Menurutnya, kehadiran para pelaku industri perjalanan wisata menjadi momentum penting untuk memperkuat sektor pariwisata Makassar sekaligus memperluas jejaring promosi wisata daerah.
“Ini anugerah bagi Makassar. Kehadiran para pelaku dan pemikir pariwisata tentu akan memberi perspektif baru dalam mengembangkan potensi wisata yang kita miliki,” ujar Appi.
Ia memaparkan, Makassar memiliki modal besar untuk menjadi destinasi unggulan, mulai dari sejarah Kerajaan Gowa-Tallo, kekayaan budaya, kawasan pesisir, hingga kedekatan dengan destinasi kelas dunia seperti Toraja dan kawasan karst Maros-Pangkep.
Namun demikian, Appi mengakui potensi tersebut belum sepenuhnya dimaksimalkan. Karena itu, Pemkot Makassar kini terus melakukan pembenahan infrastruktur dan wajah kota untuk meningkatkan kenyamanan wisatawan.
“Kami ingin menghadirkan kota yang nyaman bagi wisatawan, mulai dari pedestrian, penataan kawasan kota, sampai revitalisasi pasar tradisional,” jelasnya.
Tak hanya itu, Pemkot Makassar juga mulai agresif menggelar berbagai event untuk mendongkrak kunjungan wisata dan menggerakkan ekonomi lokal.
Appi bahkan memastikan pemerintah menyiapkan anggaran khusus agar setiap bulan ada kegiatan unggulan yang mampu menarik wisatawan datang ke Makassar.
“Kami ingin setiap bulan ada event besar. Dengan begitu hotel terisi, UMKM bergerak, dan ekonomi masyarakat ikut tumbuh,” katanya.
Politisi Golkar itu juga menegaskan komitmennya menjadikan Makassar sebagai hub utama pariwisata Sulawesi Selatan. Ia ingin wisatawan yang datang ke Sulsel menjadikan Makassar sebagai titik utama sebelum melanjutkan perjalanan ke daerah lain.
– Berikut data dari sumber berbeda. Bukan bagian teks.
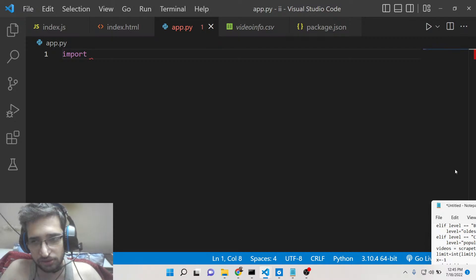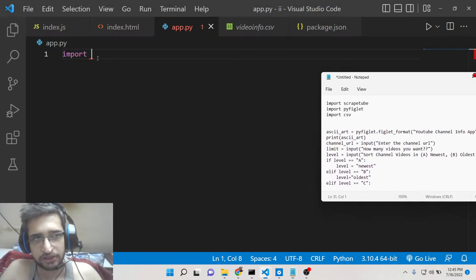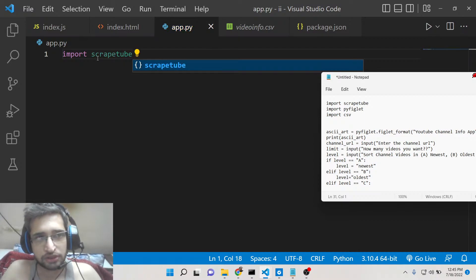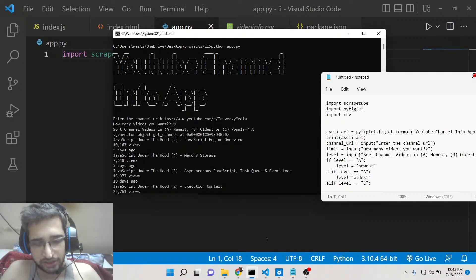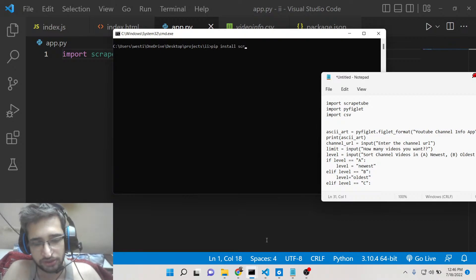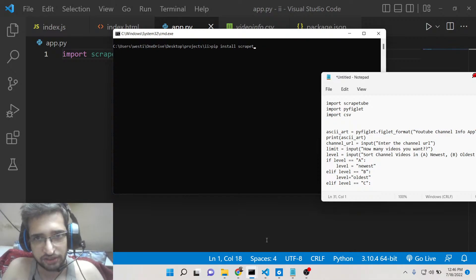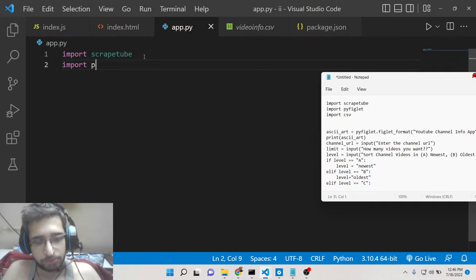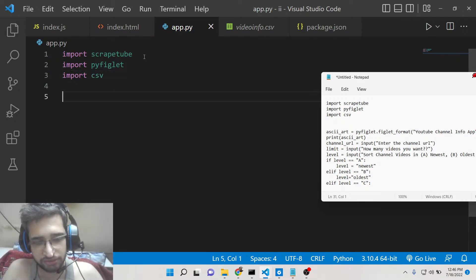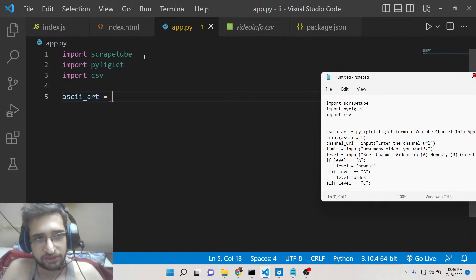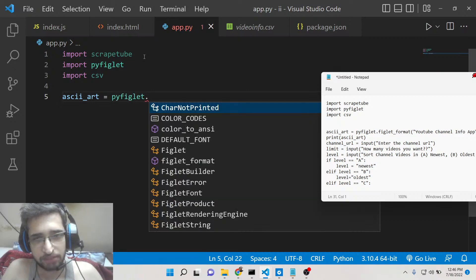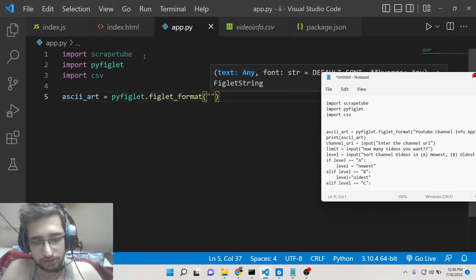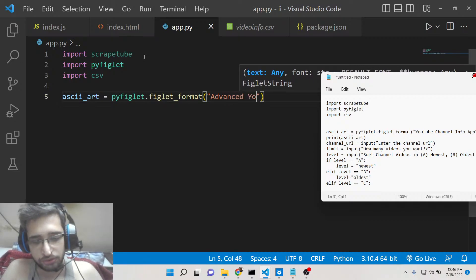Let's start writing the script from scratch. You'll need Python installed on your machine. Then we'll import scrape_tube — install it via pip install scrape_tube. You'll also need one other dependency, pyfiglet, which is not mandatory and is just for styling. We'll also import csv to save the data inside a CSV file.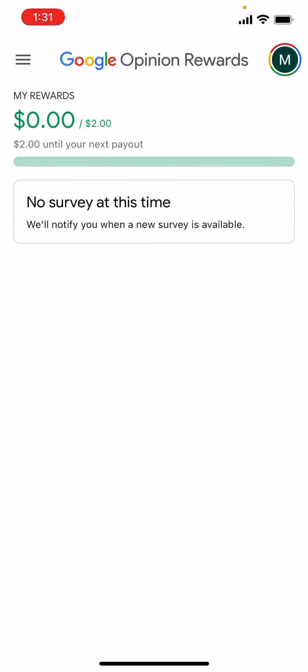You literally just need a PayPal account, you put it in and that's it. It works everywhere, you just need to download it, have a Gmail account, and then you're good to go.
“Kami ingin wisatawan tidak hanya singgah, tetapi tinggal lebih lama dan berbelanja lebih banyak di Makassar,” tegasnya.
Di akhir sambutannya, Appi pun berkelakar mengajak seluruh peserta Rakernas menikmati suasana Kota Daeng, termasuk wisata kuliner dan panorama senja khas Makassar.
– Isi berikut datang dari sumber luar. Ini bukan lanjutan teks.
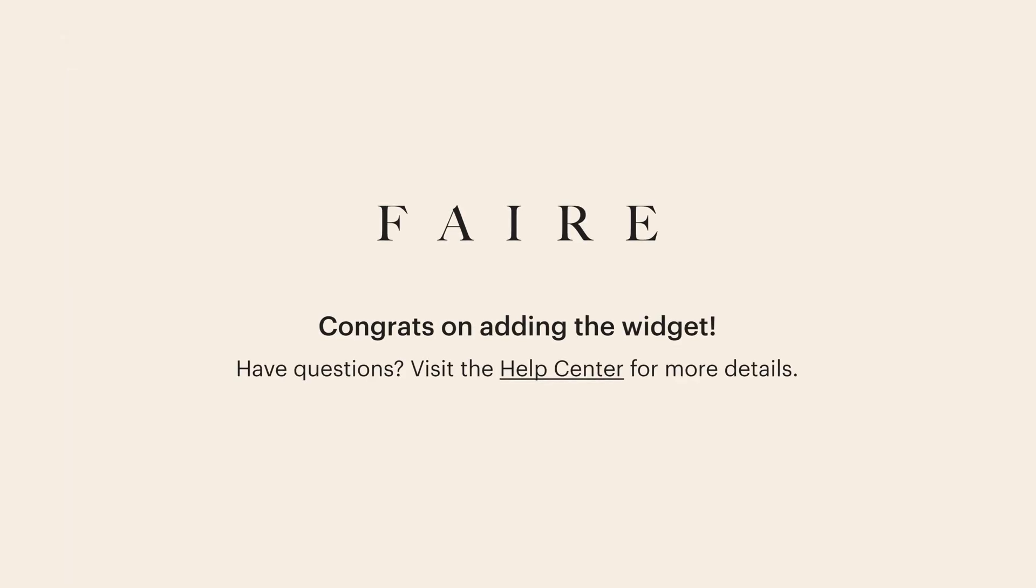Congratulations, you've added the widget! Should you need additional assistance, we have an article in our Help Center on how to add the HTML code to a Shopify website.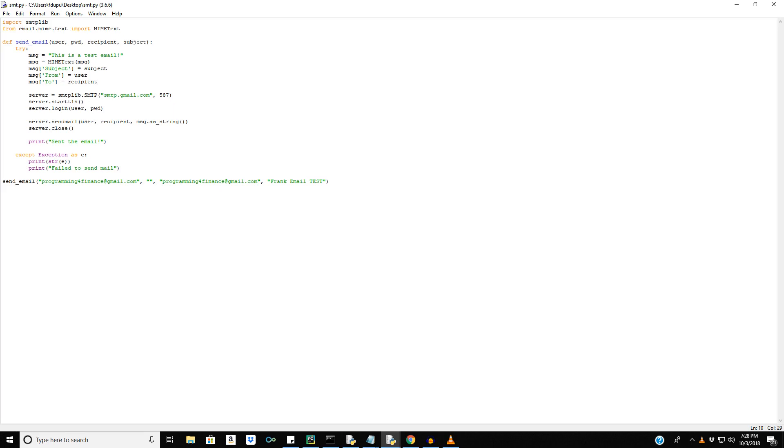Hi YouTube and welcome to this tutorial on how to send emails with Python. In the last tutorial we worked on just sending a simple email. Now what we're going to be able to do is send to multiple recipients and also send an email attachment with a pandas data frame.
“Kalau ke Makassar, dilarang diet dan tidak boleh pulang hari. Harus menginap supaya bisa menikmati sunset dan angin Mamiri,” ucapnya disambut tepuk tangan peserta.
Sementara itu, Wakil Wali Kota Makassar, Aliyah Mustika Ilham, turut menyampaikan apresiasi kepada seluruh jajaran DPP dan DPD ASITA yang hadir dalam Rakernas tersebut.
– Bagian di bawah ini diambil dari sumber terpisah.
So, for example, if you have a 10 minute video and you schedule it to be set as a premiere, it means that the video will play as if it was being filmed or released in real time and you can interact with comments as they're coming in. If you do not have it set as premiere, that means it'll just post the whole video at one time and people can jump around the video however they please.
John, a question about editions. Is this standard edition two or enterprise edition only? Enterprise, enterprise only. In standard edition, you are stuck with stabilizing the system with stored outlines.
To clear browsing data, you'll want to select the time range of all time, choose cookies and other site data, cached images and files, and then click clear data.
Ia berharap kolaborasi antara pemerintah daerah dan pelaku industri wisata terus diperkuat demi mendorong pariwisata Makassar semakin kompetitif di tingkat nasional maupun internasional.
“Sinergi seperti inilah yang kita harapkan terus terjalin demi membangun industri pariwisata yang lebih kuat dan berkelanjutan,” pungkas Aliyah.